Bulgaria’s caretaker government announced that it is looking into a windfall tax of up to 33% to drastically reduce the current budget deficit for the year announced just a few weeks before the elections.
While Bulgarians are set to go to the polls on 2 April in the fifth general election in the past two years, the Finance Ministry warns it may be unable to raise the necessary debt from the international markets due to deteriorating conditions.
To address this, the government is proposing a one-time 33% tax on excess profits for 2022 for all companies that are not state-owned as part of its new plan for the 2023 budget it presented Wednesday which will be tabled before the new parliament at the end of April.
If such a tax is not introduced, the currency board and even Bulgaria may be forced to take out a loan from the International Monetary Fund (IMF), Finance Minister Rositsa Velkova said.
“If there are no measures in the new budget law, the accounting deficit is projected at 6.9% of GDP. Together with debt refinancing payments, this means a need for new debt for 2023 alone in the amount of around €7.5 billion,” Velkova commented.

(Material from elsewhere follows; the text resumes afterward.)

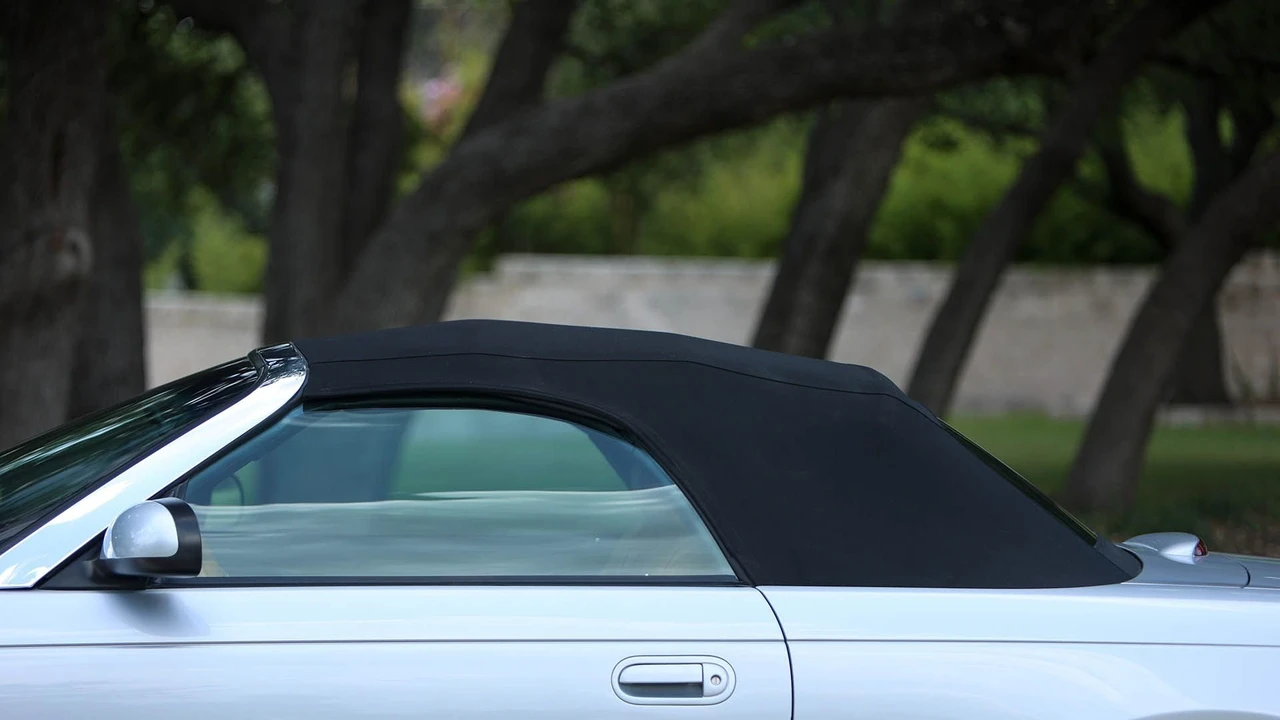 2002 Ford Thunderbird 11th Gen - Image 17 of 31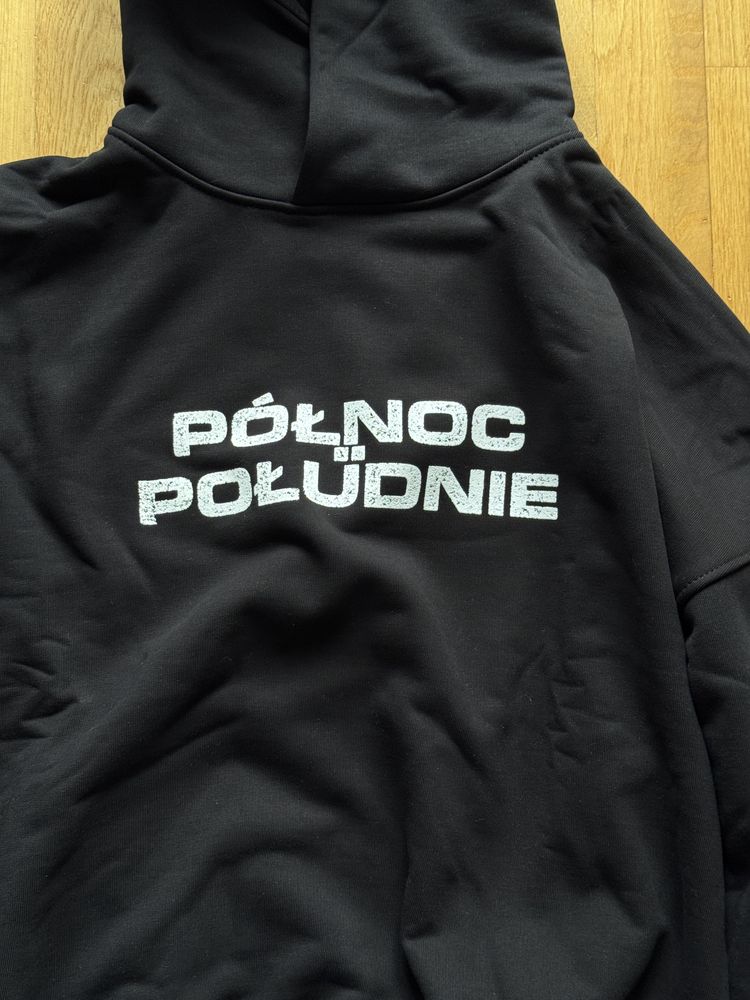 Bluza merch Quebonafide północ południe czarna z kapturem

“Theoretically, there is a danger for the currency board with extremely high deficits,” Velkova told the media.
Bulgaria has been on a currency board for the last 25 years, with the exchange rate of the Bulgarian lev to the euro fixed at 1.9558 leva for €1.
The country was set to join the eurozone on 1 January 2024, though because of high inflation and the lack of political reform, its accession date has moved to 1 January 2024 at the earliest.